Figure 1. DeepCycle reconstructs a cell cycle closed trajectory from single‐cell microscopy images.

1. A tiled time‐lapse microscopy imaging of MDCKII cells with the FUCCI2 system was performed over the area of approximately 5 × 5 mm for 33 h followed by automated cell tracking, generating 2.6 million individual cell images. For each track, the brightfield and Hoechst channels of unsegmented cell images centered at the nucleus were used as input for the DeepCycle deep learning network. Four virtual classes were defined by relative intensities of the FUCCI2 channels (mKO2‐Cdt1 and mAG‐Geminin) and used as ground truth for training the DeepCycle network. For contrast enhancement in this figure, the fluorescent intensities of each miniature single‐cell image were clipped at their 70 percentile.
2. The architecture of the DeepCycle convolutional neural network. A 2‐channel cell image is transformed into 3‐channel and fed into ResNet‐34 pre‐trained on ImageNet. Then, a 256 feature map is generated by a conv4 block global average pooling followed by a fully connected layer and a softmax layer generating the probabilities of a cell to belong to each of the four virtual classes illustrated in (C). The values obtained before the softmax layer are used as features for a low‐dimensional representation of the cells as visualized in (D).

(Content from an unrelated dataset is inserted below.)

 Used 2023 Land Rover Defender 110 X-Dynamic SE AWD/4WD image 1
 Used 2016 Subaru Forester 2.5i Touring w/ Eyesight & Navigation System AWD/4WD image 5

3. Virtual classes of cells derived from the FUCCI2 intensities (mKO2 and mAG) which serve as ground truth for training the neural network (classification accuracies are reported in Appendix Fig S2). The virtual classes were designed to have similar numbers of cells and represent cells with different combinations of mAG and mKO2 intensities.
4. The DeepCycle low‐dimensional representation of the cells. Coloring cells by their corresponding FUCCI2 expression profile (green: mAG⁺/mKO2⁻; red: mAG⁻/mKO2⁺; yellow: mAG⁺/mKO2⁺) reveals a continuous and cyclic progression through the cell cycle.